In this session for the Marx Memorial Library on 1 July 2021, Jenny Clegg explores how Mao adapted Marxist ideology to drive the Chinese peasant revolution from 1925-1949.


Introduction

Edgar Snow’s famous book Red Star over China opens with a series of questions he was looking to answer as he set off for Yenan in 1936:  was the CPC a genuine Marxist Party or just a bunch of Red bandits? was the Red Army essentially a mob of hungry brigands as the Right wing KMT Nationalists made out?

From the Left also, Mao was being accused of departing from proletarian politics – for Trotsky the CPC under Mao’s leadership had been ‘captured by the peasants’ rich peasants at that.

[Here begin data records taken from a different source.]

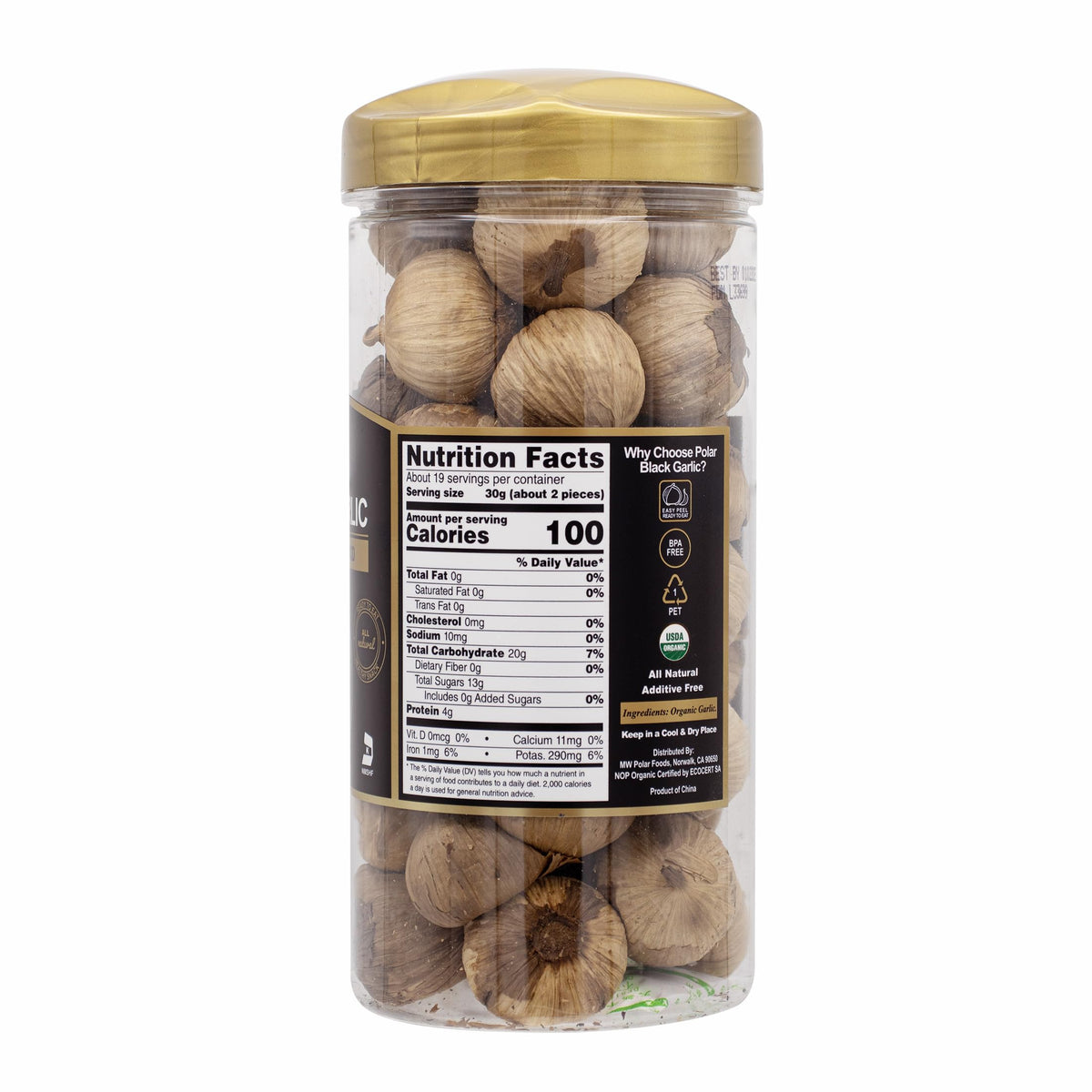 MW Polar USDA Organic Black Garlic 20 oz — Whole Bulbs, Easy Peel, Kosher Friendly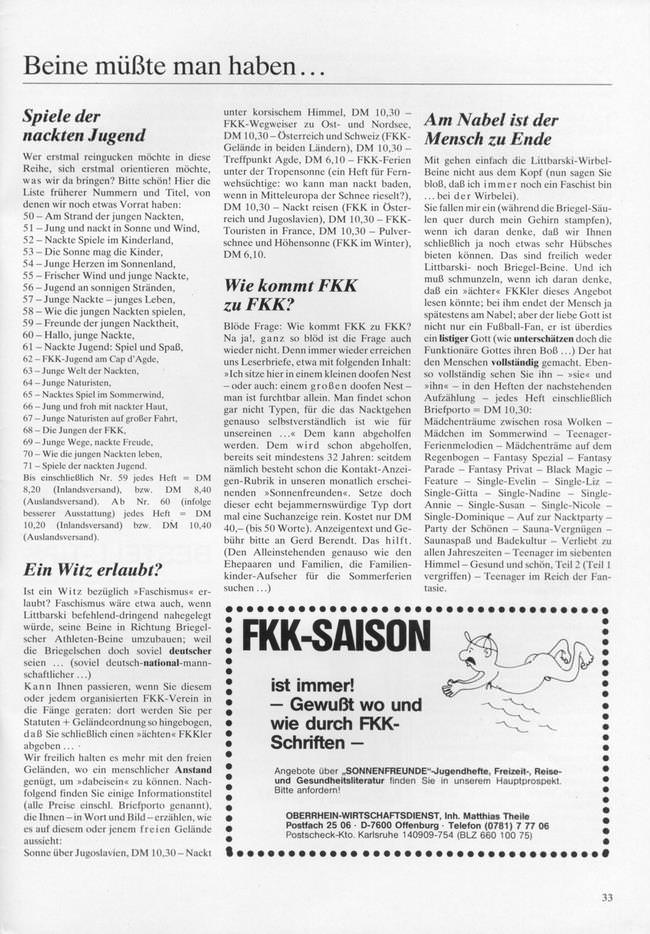 Sonnenfreunde Sonderheft FKK-Magazin #71 Sonnenfreunde Sonderheft FKK-Magazin #71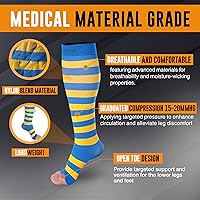 Vista 4 de Doc Miller Calcetines de compresión para mujeres embarazadas – pantorrilla ancha, puntera abierta, manga de rodilla de 15-20 mmHg, medias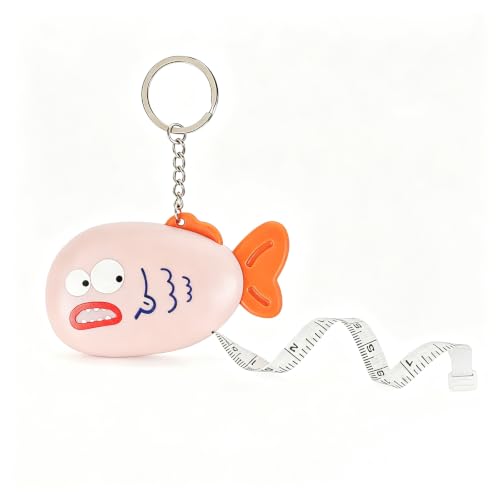 Cute Pink Fish Fashion Measuring Tape 79", Sewing Gifts w/Keychain - color: A6-Pink Fish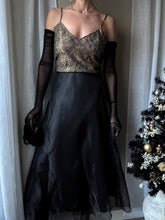 Load image into Gallery viewer, Deadstock Gold Black Semi Sheer Lace Tank Top NWT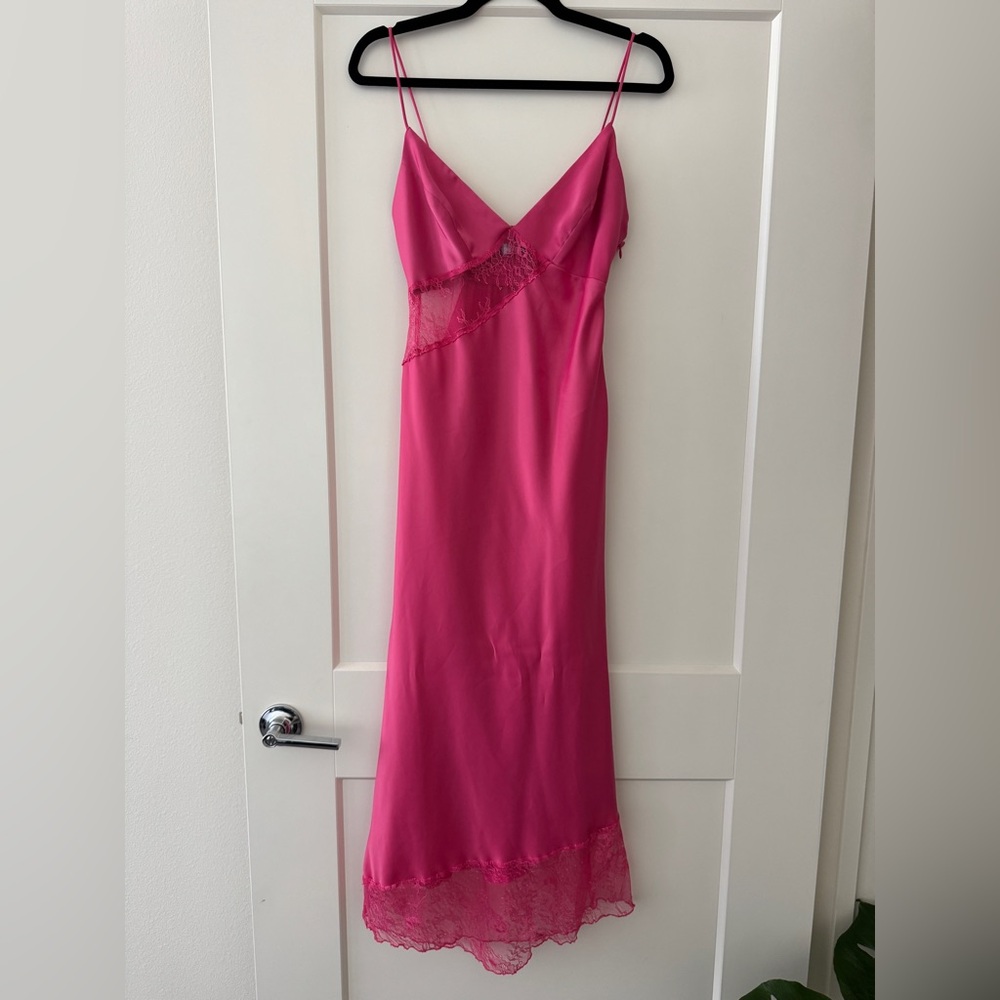 Pink Lace Midi Dress
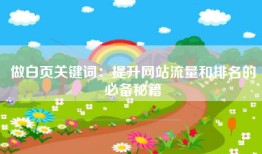 做白页关键词：提升网站流量和排名的必备秘籍
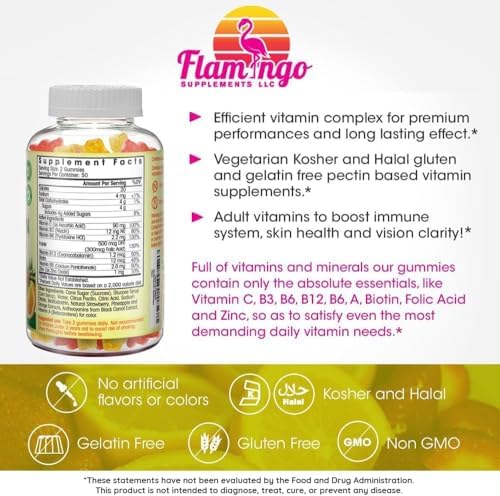 Gomitas Multivitamínicas Flamingo Supplements | Veganas, Kosher Halal, Sin Gluten ni Gelatina | Para Hombres, Mujeres y Niños | 3 Sabores Naturales | - imagen 2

Today similar scepticism is directed at whether or not China is genuinely socialist referencing these doubts about the earlier CPC history.

Mao was indeed a peasant leader; the Communist Party could not have come to power without the support of hundreds of millions of peasants  – they joined its mass organisations, they joined the Party itself, they carried out and conformed with its policies, and they gave material support in paying taxes and enlisting in its armies.  

Mao’s strategy of protracted revolution, building Red bases in the countryside to encircle the towns, is familiar to most people and will not be my focus here.

To answer the question ‘was Mao a Marxist’ it might be expected then that I start with his essays on philosophy – On Practice and On Contradiction.  But these essays in themselves are not the focus of my discussion either.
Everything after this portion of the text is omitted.